My own mother would end up caring for the children of middle- and upper-class families in the city suburbs, without extra pay and rarely a thank you. While Seally, a domestic worker and racial justice organiser, loves to see the children she cares for develop, neither she nor Jaffe gloss over the stark, often painful, lived realities that millions of domestic workers face.

Contradictions and power

Similar contradictions are discussed by other workers Jaffe profiles. Ashley Brink, who worked at a branch of Planned Parenthood (a reproductive justice non-profit organisation) recalls a wide-scale anti-union campaign led by her bosses. ‘For an organisation that claims to be feminist,’ says Brink, ‘to also have staff that can’t afford to pay their bills or take care of their families… is very hypocritical and frustrating.’ Jaffe explains why Brink’s experience is not surprising by tracing the modern non-profit model back to its industrial capitalist roots – with donations and foundations offering tax relief to the wealthy. ‘Charity,’ writes Jaffe, ‘is a relationship of power’ that requires a hierarchy of need. Historically structured as (elite) ‘women’s work’ – and ‘passion projects’ – it did not even register as an area requiring fair remuneration and working conditions. Today, many non-profit workers eager to do social justice work (including me) face burnout and frustration within the ‘non- profit industrial complex’. Still, many of us do ‘love’ our work.

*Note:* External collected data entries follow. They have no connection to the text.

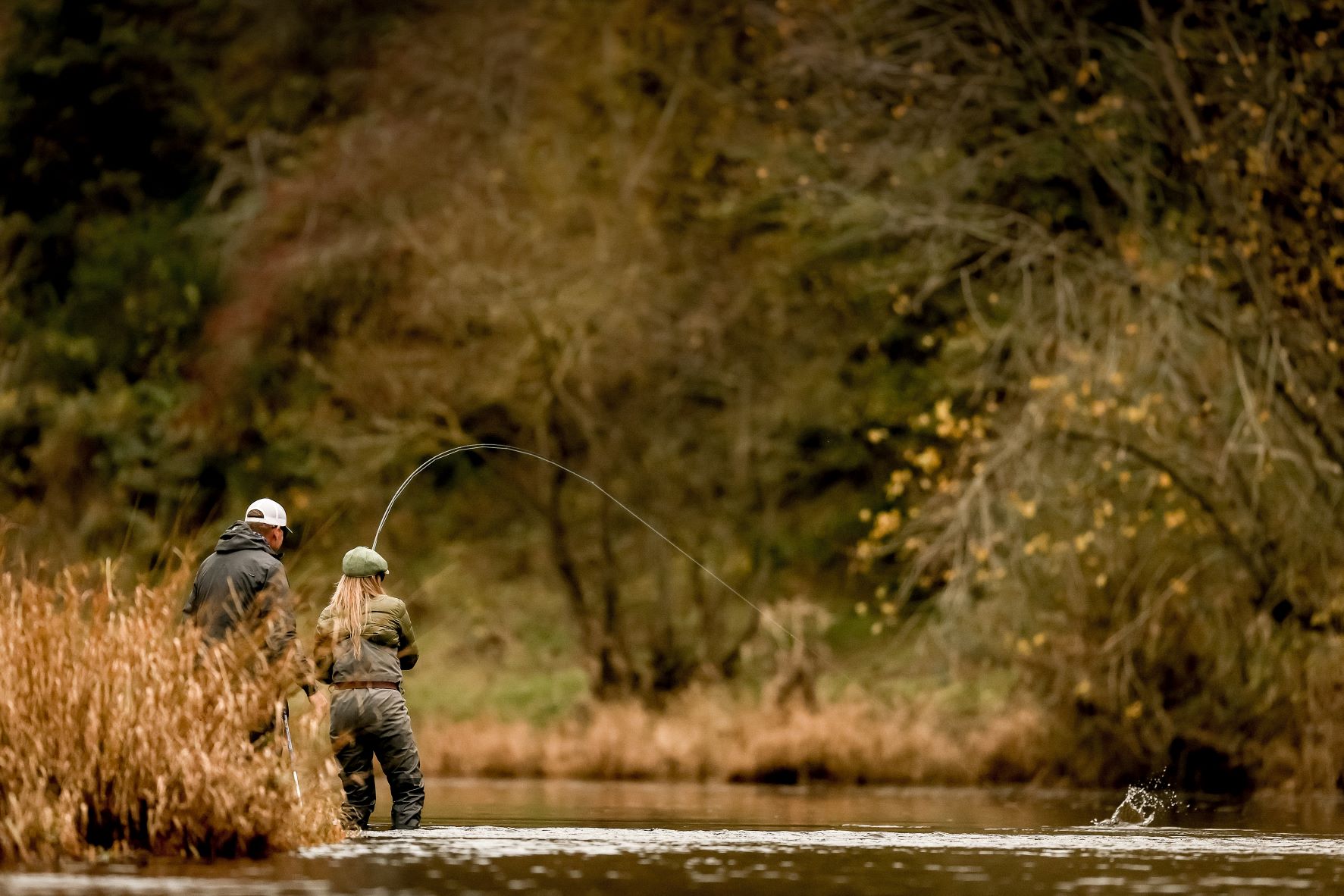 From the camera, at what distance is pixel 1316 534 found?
23062 millimetres

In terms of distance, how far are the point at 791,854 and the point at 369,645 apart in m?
2.59

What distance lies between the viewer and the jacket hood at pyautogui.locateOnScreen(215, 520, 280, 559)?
45.5ft

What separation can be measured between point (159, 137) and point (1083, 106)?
17595 millimetres

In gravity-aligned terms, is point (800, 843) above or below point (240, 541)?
below

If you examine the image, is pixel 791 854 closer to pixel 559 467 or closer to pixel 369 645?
pixel 369 645

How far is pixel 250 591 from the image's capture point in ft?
45.1

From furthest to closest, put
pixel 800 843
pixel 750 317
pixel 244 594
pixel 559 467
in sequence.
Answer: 1. pixel 750 317
2. pixel 559 467
3. pixel 800 843
4. pixel 244 594

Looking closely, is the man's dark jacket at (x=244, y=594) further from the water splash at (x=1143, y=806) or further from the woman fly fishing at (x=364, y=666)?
the water splash at (x=1143, y=806)

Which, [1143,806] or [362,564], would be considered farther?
[1143,806]

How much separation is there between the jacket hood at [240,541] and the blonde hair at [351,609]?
54cm

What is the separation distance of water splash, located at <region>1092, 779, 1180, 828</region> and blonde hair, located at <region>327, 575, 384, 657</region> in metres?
6.03

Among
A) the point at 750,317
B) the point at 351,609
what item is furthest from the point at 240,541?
the point at 750,317

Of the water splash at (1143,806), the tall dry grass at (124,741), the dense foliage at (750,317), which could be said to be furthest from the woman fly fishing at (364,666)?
the dense foliage at (750,317)

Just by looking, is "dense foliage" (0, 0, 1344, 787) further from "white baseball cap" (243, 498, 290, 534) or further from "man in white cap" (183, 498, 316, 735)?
"man in white cap" (183, 498, 316, 735) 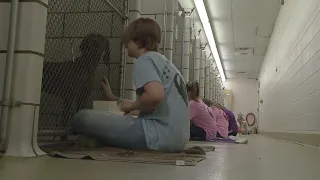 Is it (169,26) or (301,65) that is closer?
(169,26)

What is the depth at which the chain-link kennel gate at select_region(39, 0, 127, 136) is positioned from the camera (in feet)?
6.72

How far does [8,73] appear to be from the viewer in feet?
5.16

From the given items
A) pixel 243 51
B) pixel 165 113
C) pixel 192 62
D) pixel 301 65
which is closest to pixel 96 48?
pixel 165 113

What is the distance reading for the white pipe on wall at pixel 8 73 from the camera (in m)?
1.55

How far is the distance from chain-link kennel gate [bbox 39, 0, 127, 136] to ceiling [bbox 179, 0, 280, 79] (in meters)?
3.23

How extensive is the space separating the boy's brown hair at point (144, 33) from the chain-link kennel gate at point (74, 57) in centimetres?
50

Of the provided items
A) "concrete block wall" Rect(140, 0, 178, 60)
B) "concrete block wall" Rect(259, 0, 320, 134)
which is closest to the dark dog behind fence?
"concrete block wall" Rect(140, 0, 178, 60)

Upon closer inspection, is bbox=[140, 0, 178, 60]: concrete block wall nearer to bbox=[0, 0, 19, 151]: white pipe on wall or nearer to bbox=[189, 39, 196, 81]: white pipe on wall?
bbox=[189, 39, 196, 81]: white pipe on wall

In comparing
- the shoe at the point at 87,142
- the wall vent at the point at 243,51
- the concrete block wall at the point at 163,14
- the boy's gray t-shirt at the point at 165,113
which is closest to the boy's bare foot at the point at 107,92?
the shoe at the point at 87,142

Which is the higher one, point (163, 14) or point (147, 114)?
point (163, 14)

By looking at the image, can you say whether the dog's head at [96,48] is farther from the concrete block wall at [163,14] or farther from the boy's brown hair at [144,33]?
the concrete block wall at [163,14]

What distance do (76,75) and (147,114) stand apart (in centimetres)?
64

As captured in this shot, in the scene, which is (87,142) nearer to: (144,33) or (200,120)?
(144,33)

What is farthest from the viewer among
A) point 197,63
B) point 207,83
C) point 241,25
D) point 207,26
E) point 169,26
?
point 207,83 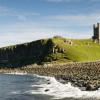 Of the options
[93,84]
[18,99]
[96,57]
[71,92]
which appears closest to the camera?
[18,99]

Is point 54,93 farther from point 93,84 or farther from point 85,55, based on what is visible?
point 85,55

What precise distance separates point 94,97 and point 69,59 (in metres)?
140

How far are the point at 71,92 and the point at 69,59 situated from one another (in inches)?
5270

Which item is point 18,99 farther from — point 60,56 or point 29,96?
point 60,56

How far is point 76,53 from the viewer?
195 m

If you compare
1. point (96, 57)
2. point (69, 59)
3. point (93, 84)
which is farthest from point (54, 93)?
point (96, 57)

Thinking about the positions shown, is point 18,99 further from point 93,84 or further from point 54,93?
point 93,84

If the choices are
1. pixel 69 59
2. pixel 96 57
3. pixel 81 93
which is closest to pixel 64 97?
pixel 81 93

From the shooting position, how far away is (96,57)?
196250mm

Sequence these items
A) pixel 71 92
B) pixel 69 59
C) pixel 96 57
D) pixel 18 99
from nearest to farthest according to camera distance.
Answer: pixel 18 99 → pixel 71 92 → pixel 69 59 → pixel 96 57

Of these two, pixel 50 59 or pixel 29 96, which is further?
pixel 50 59

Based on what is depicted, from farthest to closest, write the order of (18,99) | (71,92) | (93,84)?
1. (93,84)
2. (71,92)
3. (18,99)

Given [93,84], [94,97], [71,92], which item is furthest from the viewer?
[93,84]

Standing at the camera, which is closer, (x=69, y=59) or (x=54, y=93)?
(x=54, y=93) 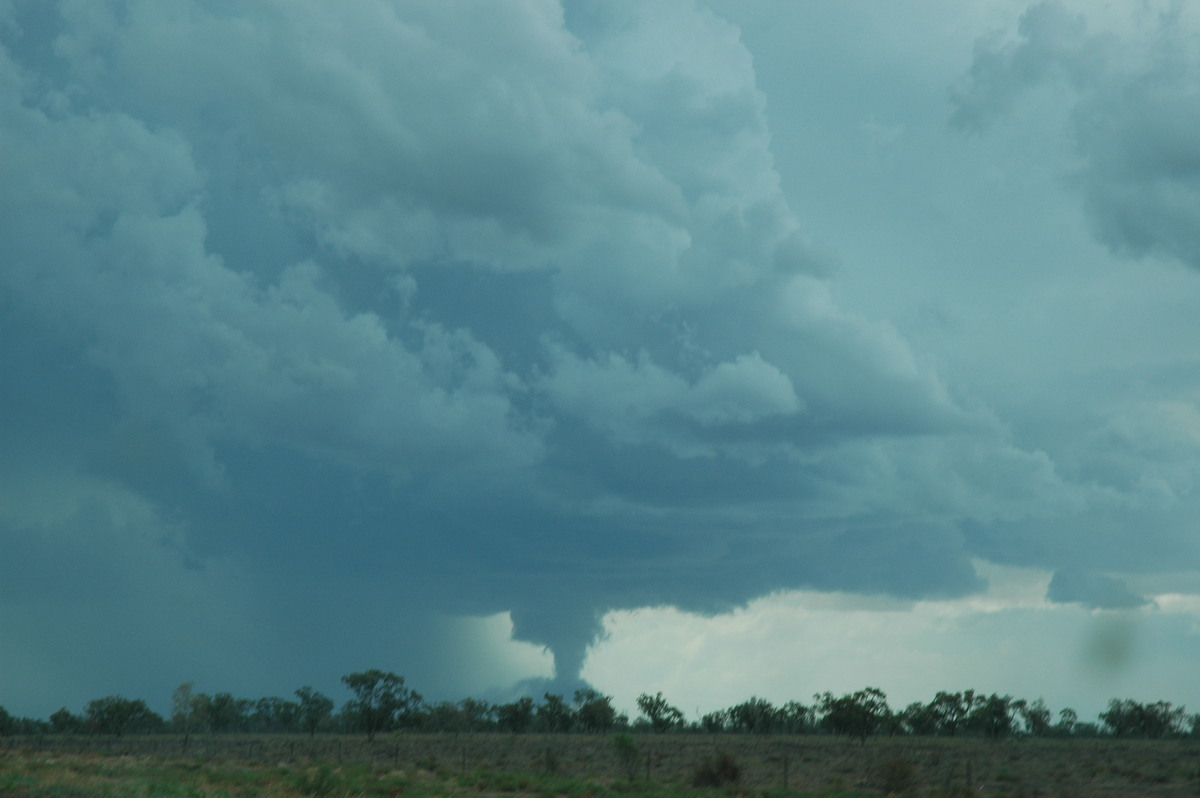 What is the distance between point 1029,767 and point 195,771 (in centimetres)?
5366

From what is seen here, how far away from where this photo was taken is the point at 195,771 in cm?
5772

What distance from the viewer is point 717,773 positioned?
58.5 m

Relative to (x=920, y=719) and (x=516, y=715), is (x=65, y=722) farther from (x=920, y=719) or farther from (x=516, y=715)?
(x=920, y=719)

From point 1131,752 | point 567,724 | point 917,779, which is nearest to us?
point 917,779

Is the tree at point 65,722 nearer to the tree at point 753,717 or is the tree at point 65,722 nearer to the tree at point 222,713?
the tree at point 222,713

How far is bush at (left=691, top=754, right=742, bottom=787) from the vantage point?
5779cm

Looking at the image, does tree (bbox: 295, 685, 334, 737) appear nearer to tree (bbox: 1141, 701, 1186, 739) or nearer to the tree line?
the tree line

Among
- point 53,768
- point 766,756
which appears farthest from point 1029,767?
point 53,768

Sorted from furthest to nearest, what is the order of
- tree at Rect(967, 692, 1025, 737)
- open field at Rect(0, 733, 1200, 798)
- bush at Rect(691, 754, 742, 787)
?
tree at Rect(967, 692, 1025, 737), bush at Rect(691, 754, 742, 787), open field at Rect(0, 733, 1200, 798)

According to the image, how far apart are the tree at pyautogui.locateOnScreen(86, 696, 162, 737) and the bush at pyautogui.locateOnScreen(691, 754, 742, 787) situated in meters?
116

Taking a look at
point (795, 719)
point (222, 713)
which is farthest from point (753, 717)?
point (222, 713)

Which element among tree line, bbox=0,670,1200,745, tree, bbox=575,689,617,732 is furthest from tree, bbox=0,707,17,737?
tree, bbox=575,689,617,732

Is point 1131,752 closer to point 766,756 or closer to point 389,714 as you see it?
point 766,756

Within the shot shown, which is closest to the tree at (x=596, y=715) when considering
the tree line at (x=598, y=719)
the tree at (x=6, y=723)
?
the tree line at (x=598, y=719) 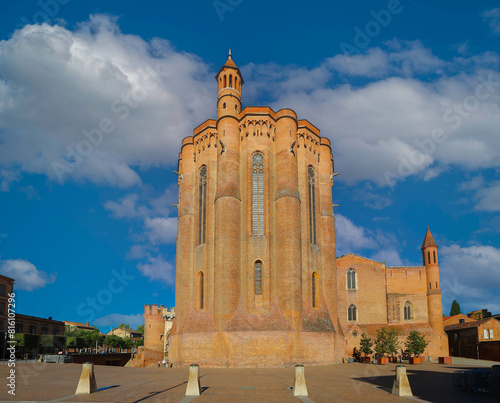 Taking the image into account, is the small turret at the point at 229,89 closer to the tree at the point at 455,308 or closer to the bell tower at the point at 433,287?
the bell tower at the point at 433,287

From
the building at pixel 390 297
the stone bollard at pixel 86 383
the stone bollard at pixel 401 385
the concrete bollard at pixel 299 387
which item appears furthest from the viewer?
the building at pixel 390 297

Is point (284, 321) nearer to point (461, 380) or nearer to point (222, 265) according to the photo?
point (222, 265)

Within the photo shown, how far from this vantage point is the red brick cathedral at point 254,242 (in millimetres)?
33688

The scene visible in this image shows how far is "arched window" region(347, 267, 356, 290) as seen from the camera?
52312 mm

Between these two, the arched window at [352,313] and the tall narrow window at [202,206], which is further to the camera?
the arched window at [352,313]

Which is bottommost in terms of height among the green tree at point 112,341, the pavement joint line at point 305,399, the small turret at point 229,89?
the green tree at point 112,341

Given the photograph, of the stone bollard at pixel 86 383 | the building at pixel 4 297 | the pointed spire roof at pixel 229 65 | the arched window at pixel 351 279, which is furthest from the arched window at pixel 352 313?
the building at pixel 4 297

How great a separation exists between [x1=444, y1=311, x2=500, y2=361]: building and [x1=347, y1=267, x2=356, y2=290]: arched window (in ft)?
48.9

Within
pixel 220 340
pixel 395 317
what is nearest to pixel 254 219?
pixel 220 340

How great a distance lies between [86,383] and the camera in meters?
15.9

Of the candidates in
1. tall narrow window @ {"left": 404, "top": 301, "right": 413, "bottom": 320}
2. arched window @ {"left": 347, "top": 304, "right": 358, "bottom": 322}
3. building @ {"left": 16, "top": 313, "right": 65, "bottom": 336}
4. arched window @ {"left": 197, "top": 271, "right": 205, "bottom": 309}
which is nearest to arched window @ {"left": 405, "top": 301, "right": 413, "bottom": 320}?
tall narrow window @ {"left": 404, "top": 301, "right": 413, "bottom": 320}

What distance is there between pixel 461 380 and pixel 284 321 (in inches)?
654

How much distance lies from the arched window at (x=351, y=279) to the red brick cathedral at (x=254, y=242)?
42.3 ft

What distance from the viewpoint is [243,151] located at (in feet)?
127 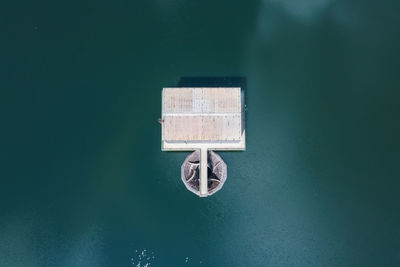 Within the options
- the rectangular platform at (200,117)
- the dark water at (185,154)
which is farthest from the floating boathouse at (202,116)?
the dark water at (185,154)

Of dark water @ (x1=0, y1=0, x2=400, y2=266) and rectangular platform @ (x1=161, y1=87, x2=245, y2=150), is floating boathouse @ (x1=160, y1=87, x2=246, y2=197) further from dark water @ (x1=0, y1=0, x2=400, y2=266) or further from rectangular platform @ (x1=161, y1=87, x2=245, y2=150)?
dark water @ (x1=0, y1=0, x2=400, y2=266)

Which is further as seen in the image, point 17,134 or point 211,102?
point 17,134

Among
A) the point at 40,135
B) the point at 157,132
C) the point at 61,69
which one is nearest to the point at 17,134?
the point at 40,135

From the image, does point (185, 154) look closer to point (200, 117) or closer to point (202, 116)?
point (200, 117)

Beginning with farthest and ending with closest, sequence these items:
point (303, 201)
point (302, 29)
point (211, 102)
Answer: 1. point (302, 29)
2. point (303, 201)
3. point (211, 102)

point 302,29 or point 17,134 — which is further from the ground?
point 302,29

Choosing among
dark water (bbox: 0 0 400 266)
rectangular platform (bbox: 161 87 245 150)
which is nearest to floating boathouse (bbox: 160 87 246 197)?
rectangular platform (bbox: 161 87 245 150)

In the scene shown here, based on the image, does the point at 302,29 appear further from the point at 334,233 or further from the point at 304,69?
the point at 334,233

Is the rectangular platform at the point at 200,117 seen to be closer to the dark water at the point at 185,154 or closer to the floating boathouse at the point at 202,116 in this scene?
the floating boathouse at the point at 202,116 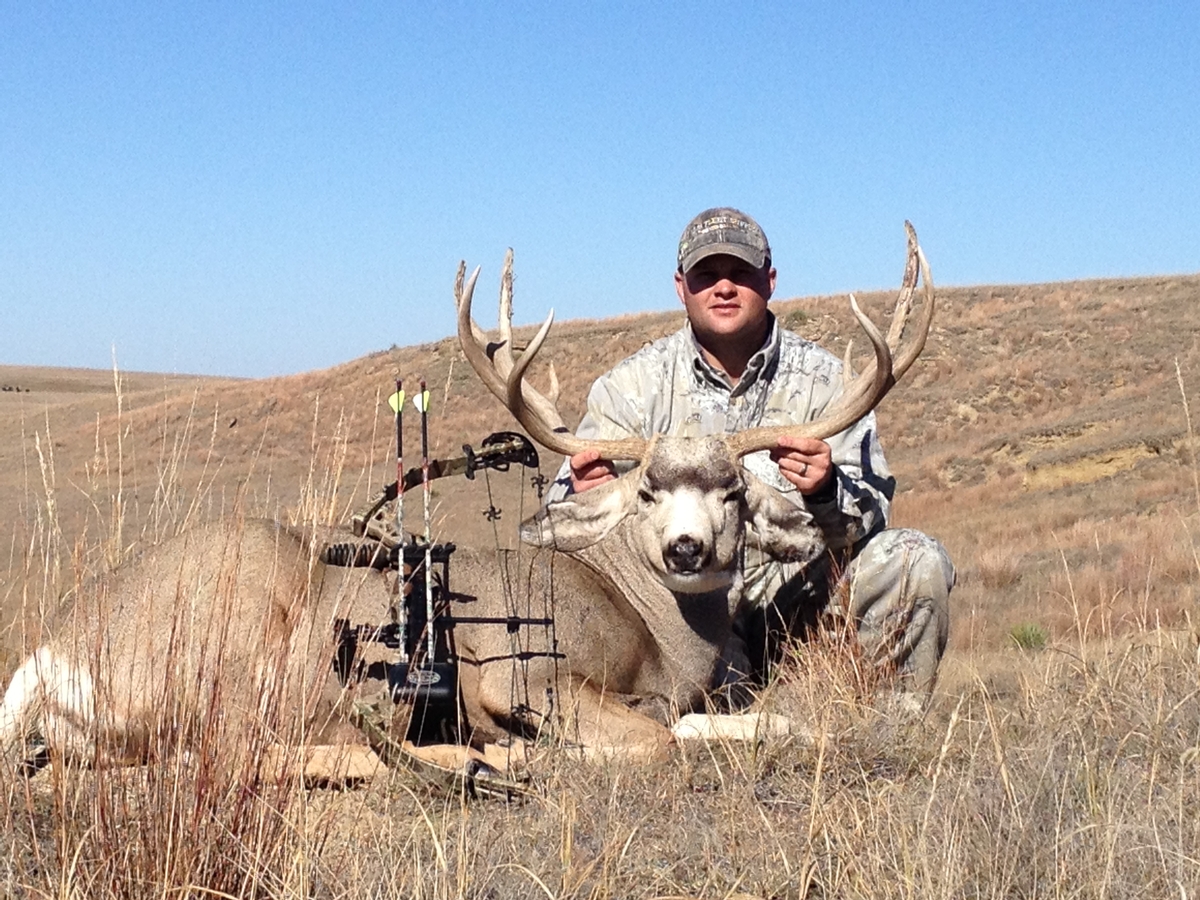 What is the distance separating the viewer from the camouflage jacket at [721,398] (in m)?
6.02

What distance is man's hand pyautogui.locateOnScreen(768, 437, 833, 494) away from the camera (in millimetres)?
5234

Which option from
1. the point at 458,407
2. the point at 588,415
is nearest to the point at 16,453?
the point at 458,407

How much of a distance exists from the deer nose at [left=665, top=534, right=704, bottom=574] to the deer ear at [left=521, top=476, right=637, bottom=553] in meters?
0.50

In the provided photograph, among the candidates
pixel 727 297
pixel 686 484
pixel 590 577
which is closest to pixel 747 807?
pixel 686 484

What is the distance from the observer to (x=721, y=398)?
20.8ft

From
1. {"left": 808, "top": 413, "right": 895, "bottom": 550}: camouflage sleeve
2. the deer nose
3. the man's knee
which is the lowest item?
the man's knee

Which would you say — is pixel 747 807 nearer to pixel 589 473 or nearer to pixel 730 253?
pixel 589 473

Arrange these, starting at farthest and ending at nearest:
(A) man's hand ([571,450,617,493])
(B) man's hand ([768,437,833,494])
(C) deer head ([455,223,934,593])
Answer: (A) man's hand ([571,450,617,493]) < (B) man's hand ([768,437,833,494]) < (C) deer head ([455,223,934,593])

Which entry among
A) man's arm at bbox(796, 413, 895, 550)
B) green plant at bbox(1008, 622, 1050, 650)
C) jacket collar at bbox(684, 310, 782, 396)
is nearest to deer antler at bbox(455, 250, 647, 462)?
man's arm at bbox(796, 413, 895, 550)

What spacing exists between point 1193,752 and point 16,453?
98.6 feet

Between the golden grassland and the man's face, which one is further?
the man's face

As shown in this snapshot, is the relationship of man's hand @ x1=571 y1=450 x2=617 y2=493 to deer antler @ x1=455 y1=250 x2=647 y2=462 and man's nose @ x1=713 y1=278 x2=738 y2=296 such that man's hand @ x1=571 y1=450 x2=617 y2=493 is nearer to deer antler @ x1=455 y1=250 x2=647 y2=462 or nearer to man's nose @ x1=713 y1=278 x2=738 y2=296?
deer antler @ x1=455 y1=250 x2=647 y2=462

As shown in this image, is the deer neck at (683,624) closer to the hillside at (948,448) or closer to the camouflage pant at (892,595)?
the camouflage pant at (892,595)

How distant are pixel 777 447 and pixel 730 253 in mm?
1231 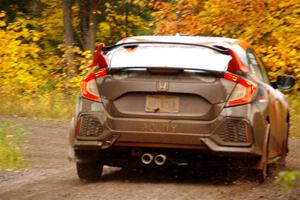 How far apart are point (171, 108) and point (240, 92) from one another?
0.65 metres

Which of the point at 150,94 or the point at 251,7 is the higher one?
the point at 150,94

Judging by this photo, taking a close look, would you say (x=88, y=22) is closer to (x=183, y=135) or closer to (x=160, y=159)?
(x=160, y=159)

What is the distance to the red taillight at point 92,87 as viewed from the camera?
842 centimetres

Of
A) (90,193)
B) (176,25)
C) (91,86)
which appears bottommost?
(176,25)

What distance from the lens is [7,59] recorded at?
27.4 meters

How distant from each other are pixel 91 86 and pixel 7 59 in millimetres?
19387

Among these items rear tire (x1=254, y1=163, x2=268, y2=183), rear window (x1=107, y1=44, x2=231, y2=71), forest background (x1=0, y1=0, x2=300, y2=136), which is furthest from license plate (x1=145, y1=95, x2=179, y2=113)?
forest background (x1=0, y1=0, x2=300, y2=136)

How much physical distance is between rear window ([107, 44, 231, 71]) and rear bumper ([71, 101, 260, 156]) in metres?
0.52

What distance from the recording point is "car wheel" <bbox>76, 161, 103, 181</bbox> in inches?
344

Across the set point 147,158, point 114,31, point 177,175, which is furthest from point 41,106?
point 114,31

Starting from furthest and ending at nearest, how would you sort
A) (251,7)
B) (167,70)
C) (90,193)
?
(251,7) < (167,70) < (90,193)

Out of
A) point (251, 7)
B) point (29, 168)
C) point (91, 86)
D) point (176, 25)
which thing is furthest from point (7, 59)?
point (91, 86)

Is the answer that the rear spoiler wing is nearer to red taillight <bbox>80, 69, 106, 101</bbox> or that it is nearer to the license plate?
red taillight <bbox>80, 69, 106, 101</bbox>

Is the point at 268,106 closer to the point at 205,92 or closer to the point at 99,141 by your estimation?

This contradiction gives Work Won’t Love You Back a sobering power. It reminds us that we can – and must – interrogate the realities of all of our workplaces. But this book is as much a critique of the labour-of-love ethic as it is as a blueprint for organising. We are reminded, for example, that Adela Seally comes from a long line of freedom fighters, such as civil rights activist Dorothy Bolden. In the 1960s, Bolden creatively organised tens of thousands of domestic workers across the South by bridging the civil rights movement with voting and workers’ rights. Throughout the book, Jaffe highlights that women of colour like Bolden are frequently at the forefront of movements for labour justice, even though they have often been written out of the story.

New forms of work

Today, recognising the interdependence of our work relationships, domestic workers are forming unlikely alliances with their employers to push for better industry standards. Non-profit workers are rejecting the norms and narratives that pit them against their clients. Teachers’ unions are forging powerful pathways of solidarity with students and parents. They remind us that new forms of work are possible if we fight for them together. ‘Love,’ Jaffe writes, ‘was once considered potentially subversive precisely because it encouraged people to value something other than work.’ We must not discount the power of love now, even as we critique its misuses.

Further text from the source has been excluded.